The Canadian could have been forgiven for thinking more of his ongoing spat with Max Mosley, the president of FIA, the sport's governing body, than he was of his campaign this weekend. But he showed that he can compartmentalise his life by rising to the challenges of the Ferraris and his Williams team-mate Heinz-Harald Frentzen.

When Ayrton Senna caught the red-eye flight from Brazil to Italy in 1993 at the height of arguments with McLaren and Ford over engine supply, there were suggestions his erratic driving in the first practice session were the result of jetlag - and murmurs that anyone but the Brazilian champion might have been prevented from driving.

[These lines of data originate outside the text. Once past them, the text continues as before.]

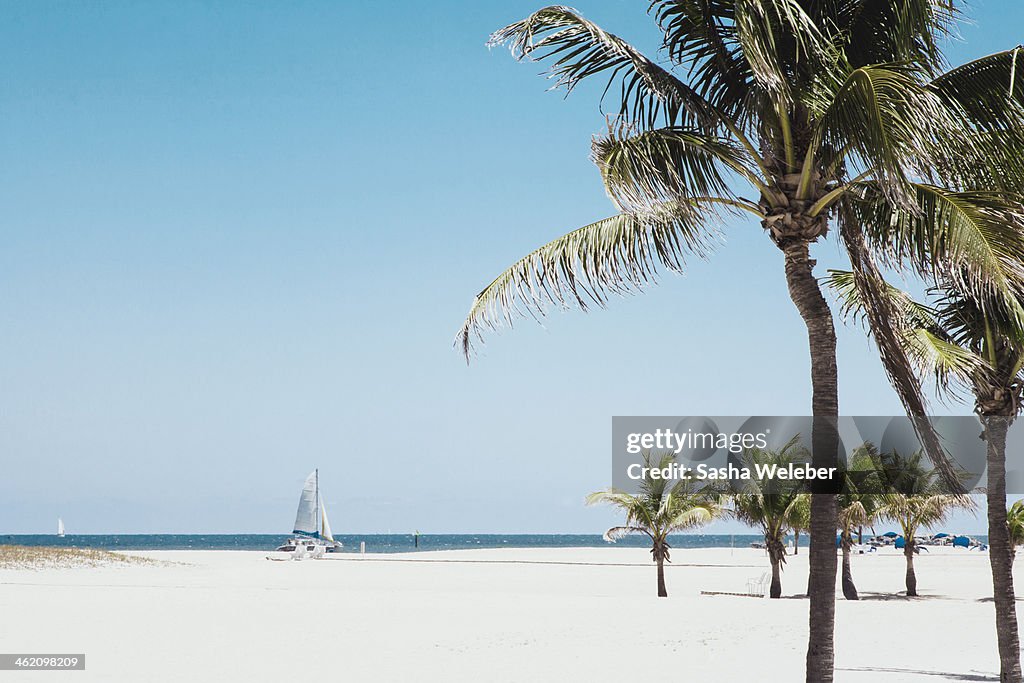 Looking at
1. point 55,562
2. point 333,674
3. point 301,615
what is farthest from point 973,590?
point 55,562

Villeneuve has little sense of history of his sport, but observers recalled Senna's situation when his successor at Williams was summoned from Canada to a meeting with Mosley in Paris on Wednesday. Villeneuve has had several verbal skirmishes with Mosley this season and is passionately opposed to Mosley's plans to change the regulations next season to incorporate treaded tyres in a move to slow cars down. Mosley had taken exception to comments attributed to Villeneuve last week in the German magazine Der Spiegel.

After testing a Williams to the new specification earlier this season, Villeneuve had said the proposed changes were "a joke, basically. It takes all the precision out of the driving. I think it's ridiculous to drive race cars like that."

And though he said he had no immediate plans to quit F1, he warned: "If it becomes boring to drive in F1, the best racing will probably end up being IndyCars, and it could have a big influence on decisions. The reason I'm racing is because I enjoy the racing and if that's taken away, just the money side isn't going to be enough to keep me for a long time. For a short period maybe.

"And I've heard some other drivers saying that as well, that they would probably look at the other side. You need to enjoy it. What's fun this year is the extra grip you have. You really get a rush. Even in Argentina you could get a rush because of the extra speed and it has become fun. I think it's going to take more away from the driver and instead of still being the ultimate sport it is, it's going to become more of a travelling circus."

Asked if he and Mosley were still talking, he had snapped back: "Talking is one thing, listening is another."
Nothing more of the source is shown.